Setup. We simulate a network consisting of 20 good peers, no pre-trusted peers, and no malicious peers. After running queries on the system for 20 query cycles, the load distribution is measured in Figures 9.3 and 9.4: for each peer 1-20 in the network, we depict its load share, the fraction of its uploads after a full run of the experiment divided by the total number of uploads in the entire network. The load distribution in a network using the deterministic download source selection algorithm is compared to the load distribution in a network using no reputation system at all in Figure 9.3, whereas a system employing the probabilistic download source selection algorithm is compared to the non-trust-based network in Figure 9.4.

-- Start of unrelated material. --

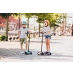 Самокат Scoot and Ride серії Highwaykick-5 з колесами що світяться персик, 5+ до 80кг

Discussion. Always choosing the responding peer with the highest global trust value as download source leads to a vast load imbalance in the network: popular peers do not stop accumulating trust value and gain further popularity. In Figure 9.3, peer 2 will eventually become the download source for virtually all queries that it is able to answer. Also note that in each experiment we ran another peer turned out to be the most trusted peer. Choosing download sources probabilistically yields only a slight deviation in terms of individual load share of each peer from the case where trust values are not used to select download sources among responding peers, therefore leading to a much better natural load distribution in the network. In Figure 9.4, peer 2 becomes the download source for 8% of all queries in the system, and many other peers participate in sharing the load, mainly determined by the number and popularity of files the peers share. Our measurements also show that the efficiency in suppressing inauthentic downloads does not vary between the two approaches. Thus, for the remaining experiments we use the probabilistic peer selection algorithm.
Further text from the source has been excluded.